_ACTIVITY_. Among the lines below, the one containing "Black Be Brave" opens the range and the one containing "Nanette Lepore Pleated" closes it. Print that range exactly, without the pictures.

_RECORDS FOR PROCESSING_.

━━━━━━━━━━━━━━━━

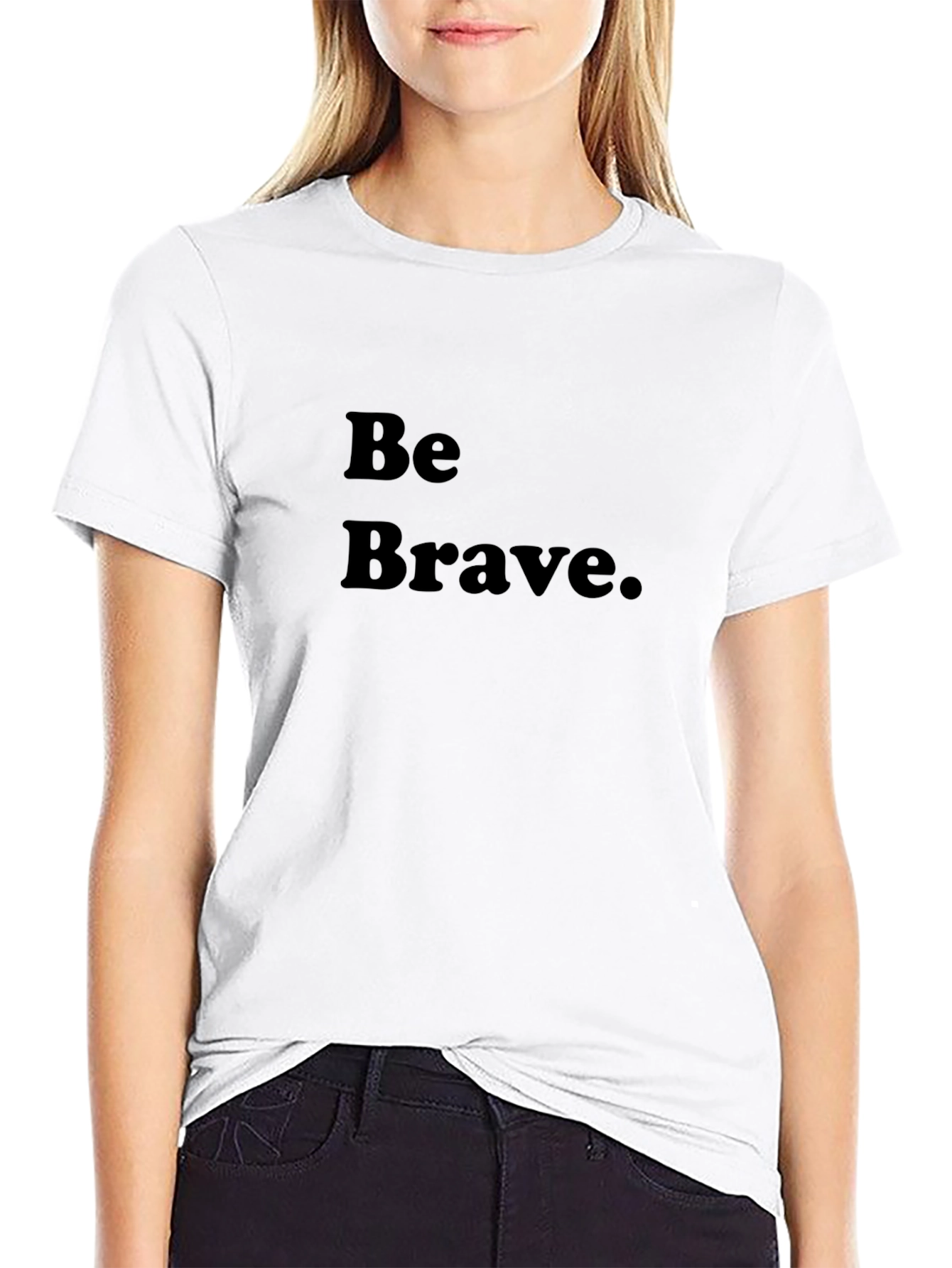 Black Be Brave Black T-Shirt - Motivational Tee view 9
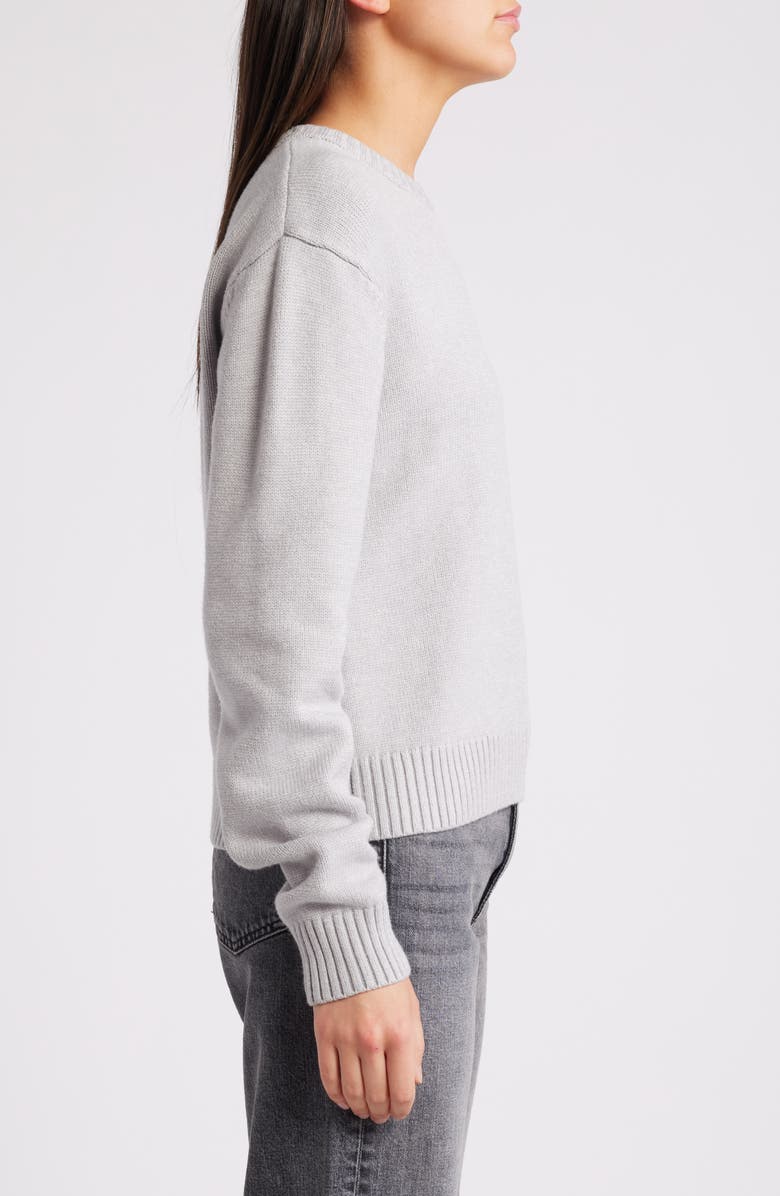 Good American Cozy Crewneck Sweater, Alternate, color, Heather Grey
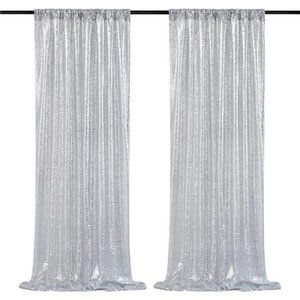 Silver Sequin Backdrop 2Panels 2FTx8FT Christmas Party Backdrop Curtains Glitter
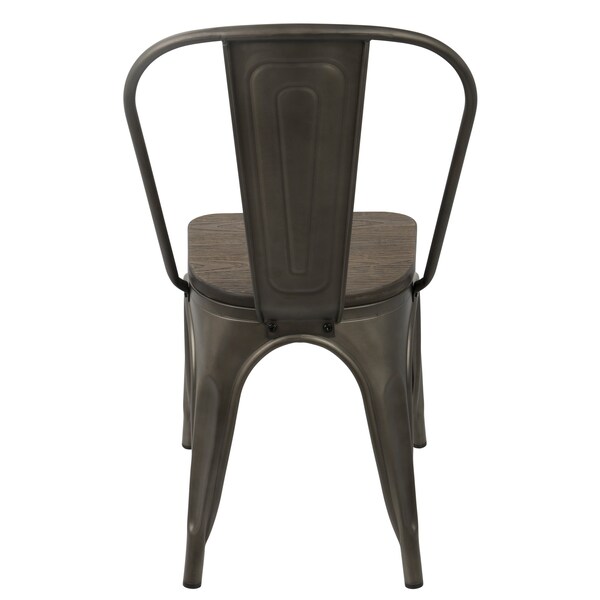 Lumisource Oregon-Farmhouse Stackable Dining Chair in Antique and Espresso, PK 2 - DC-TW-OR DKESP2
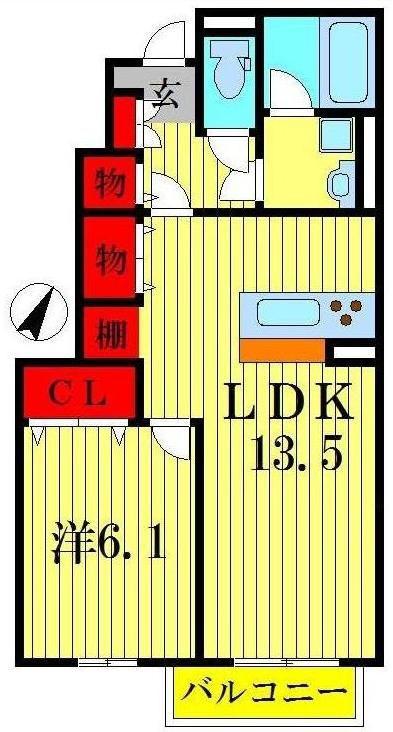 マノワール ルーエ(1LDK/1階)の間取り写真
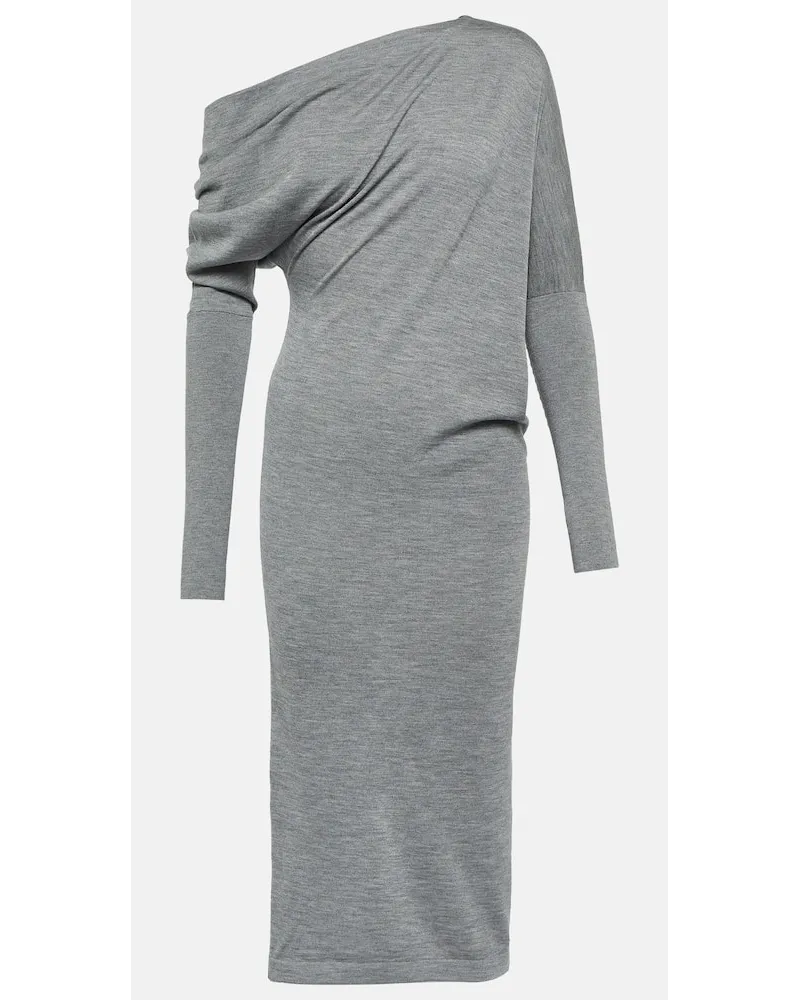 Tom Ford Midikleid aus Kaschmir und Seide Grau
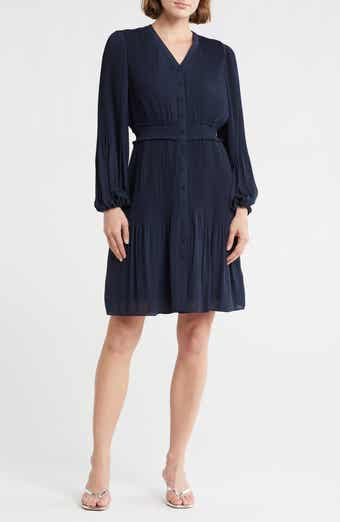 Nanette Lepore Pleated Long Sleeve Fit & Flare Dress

━━━━━━━━━━━━━━━━

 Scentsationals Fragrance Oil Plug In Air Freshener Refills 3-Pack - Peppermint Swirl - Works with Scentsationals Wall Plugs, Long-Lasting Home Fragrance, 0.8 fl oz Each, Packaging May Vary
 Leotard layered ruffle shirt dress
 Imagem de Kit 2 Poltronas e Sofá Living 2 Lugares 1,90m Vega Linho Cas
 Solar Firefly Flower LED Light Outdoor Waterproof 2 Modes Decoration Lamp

━━━━━━━━━━━━━━━━

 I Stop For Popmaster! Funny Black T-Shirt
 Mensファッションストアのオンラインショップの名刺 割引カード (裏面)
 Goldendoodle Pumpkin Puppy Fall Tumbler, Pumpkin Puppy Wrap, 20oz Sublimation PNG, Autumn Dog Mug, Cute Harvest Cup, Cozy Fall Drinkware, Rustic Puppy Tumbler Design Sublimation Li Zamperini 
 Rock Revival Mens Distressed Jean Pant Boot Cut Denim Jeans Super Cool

━━━━━━━━━━━━━━━━

_SOLVED PROBLEM_.
 Black Be Brave Black T-Shirt - Motivational Tee view 9
 Good American Cozy Crewneck Sweater, Alternate, color, Heather Grey
 Silver Sequin Backdrop 2Panels 2FTx8FT Christmas Party Backdrop Curtains Glitter
 Lumisource Oregon-Farmhouse Stackable Dining Chair in Antique and Espresso, PK 2 - DC-TW-OR DKESP2
 マノワール ルーエ(1LDK/1階)の間取り写真
 Tom Ford Midikleid aus Kaschmir und Seide Grau
 Nanette Lepore Pleated Long Sleeve Fit & Flare Dress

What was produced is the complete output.